(Short text fragments from websites)
━━━━━━━━━━━━━━━━
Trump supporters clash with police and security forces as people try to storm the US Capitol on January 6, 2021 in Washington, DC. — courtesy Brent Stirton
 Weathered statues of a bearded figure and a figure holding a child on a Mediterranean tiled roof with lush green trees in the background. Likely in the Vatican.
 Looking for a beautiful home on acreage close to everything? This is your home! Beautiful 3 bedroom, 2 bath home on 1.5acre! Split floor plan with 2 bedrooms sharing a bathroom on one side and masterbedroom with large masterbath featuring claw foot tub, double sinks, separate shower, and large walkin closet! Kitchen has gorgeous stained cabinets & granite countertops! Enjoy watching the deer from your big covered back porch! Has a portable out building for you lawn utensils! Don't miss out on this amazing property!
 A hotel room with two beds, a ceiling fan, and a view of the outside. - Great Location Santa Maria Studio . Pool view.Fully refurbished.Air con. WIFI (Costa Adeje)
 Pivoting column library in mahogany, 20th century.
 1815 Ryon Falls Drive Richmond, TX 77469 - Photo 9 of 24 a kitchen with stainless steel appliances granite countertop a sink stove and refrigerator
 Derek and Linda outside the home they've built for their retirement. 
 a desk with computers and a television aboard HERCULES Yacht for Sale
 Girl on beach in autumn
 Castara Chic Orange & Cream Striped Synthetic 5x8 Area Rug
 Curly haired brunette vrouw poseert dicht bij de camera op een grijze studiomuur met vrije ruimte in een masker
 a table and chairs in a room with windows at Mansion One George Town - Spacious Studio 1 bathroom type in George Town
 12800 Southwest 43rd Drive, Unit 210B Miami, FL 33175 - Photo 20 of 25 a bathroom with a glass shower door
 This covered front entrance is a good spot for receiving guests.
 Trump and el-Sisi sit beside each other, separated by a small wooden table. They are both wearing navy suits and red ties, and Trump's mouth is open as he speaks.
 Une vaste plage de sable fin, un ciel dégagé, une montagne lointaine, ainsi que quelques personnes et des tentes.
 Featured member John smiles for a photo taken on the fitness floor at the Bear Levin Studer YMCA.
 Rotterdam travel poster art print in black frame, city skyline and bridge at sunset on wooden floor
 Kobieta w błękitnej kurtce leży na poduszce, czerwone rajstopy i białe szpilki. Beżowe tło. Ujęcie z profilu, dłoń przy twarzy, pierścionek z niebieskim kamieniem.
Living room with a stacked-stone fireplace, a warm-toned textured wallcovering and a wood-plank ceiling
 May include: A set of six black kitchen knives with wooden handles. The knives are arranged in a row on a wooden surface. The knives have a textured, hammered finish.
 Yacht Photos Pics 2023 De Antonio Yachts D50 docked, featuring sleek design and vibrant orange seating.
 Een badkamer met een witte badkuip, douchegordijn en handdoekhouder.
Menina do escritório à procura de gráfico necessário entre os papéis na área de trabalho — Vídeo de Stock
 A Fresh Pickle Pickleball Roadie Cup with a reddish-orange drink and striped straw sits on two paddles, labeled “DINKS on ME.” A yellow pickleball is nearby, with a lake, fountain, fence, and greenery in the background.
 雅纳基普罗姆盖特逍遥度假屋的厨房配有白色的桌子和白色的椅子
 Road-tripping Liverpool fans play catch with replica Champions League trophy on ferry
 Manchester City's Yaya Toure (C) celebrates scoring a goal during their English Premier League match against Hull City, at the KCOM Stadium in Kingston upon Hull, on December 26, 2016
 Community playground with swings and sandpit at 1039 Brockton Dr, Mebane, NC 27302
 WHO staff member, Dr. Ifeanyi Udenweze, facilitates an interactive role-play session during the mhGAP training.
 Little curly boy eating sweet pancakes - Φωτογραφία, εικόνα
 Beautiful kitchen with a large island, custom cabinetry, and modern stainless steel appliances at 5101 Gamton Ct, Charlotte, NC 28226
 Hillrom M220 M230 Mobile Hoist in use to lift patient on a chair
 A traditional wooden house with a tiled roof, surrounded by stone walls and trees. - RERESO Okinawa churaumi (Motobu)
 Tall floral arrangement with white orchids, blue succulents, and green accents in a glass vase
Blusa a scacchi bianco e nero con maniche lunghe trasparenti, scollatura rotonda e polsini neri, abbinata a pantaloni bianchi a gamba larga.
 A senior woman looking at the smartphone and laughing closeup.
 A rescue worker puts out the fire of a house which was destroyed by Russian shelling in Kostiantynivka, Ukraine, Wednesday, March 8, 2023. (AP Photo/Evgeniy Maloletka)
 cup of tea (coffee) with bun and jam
━━━━━━━━━━━━━━━━
YOUR GOAL: Copy out each line of the data above, exactly, if it lies between the line holding "Een badkamer met" and the line holding "Little curly boy", inclusive; copy no other line.

ANSWER TO THE EXERCISE:
 Een badkamer met een witte badkuip, douchegordijn en handdoekhouder.
Menina do escritório à procura de gráfico necessário entre os papéis na área de trabalho — Vídeo de Stock
 A Fresh Pickle Pickleball Roadie Cup with a reddish-orange drink and striped straw sits on two paddles, labeled “DINKS on ME.” A yellow pickleball is nearby, with a lake, fountain, fence, and greenery in the background.
 雅纳基普罗姆盖特逍遥度假屋的厨房配有白色的桌子和白色的椅子
 Road-tripping Liverpool fans play catch with replica Champions League trophy on ferry
 Manchester City's Yaya Toure (C) celebrates scoring a goal during their English Premier League match against Hull City, at the KCOM Stadium in Kingston upon Hull, on December 26, 2016
 Community playground with swings and sandpit at 1039 Brockton Dr, Mebane, NC 27302
 WHO staff member, Dr. Ifeanyi Udenweze, facilitates an interactive role-play session during the mhGAP training.
 Little curly boy eating sweet pancakes - Φωτογραφία, εικόνα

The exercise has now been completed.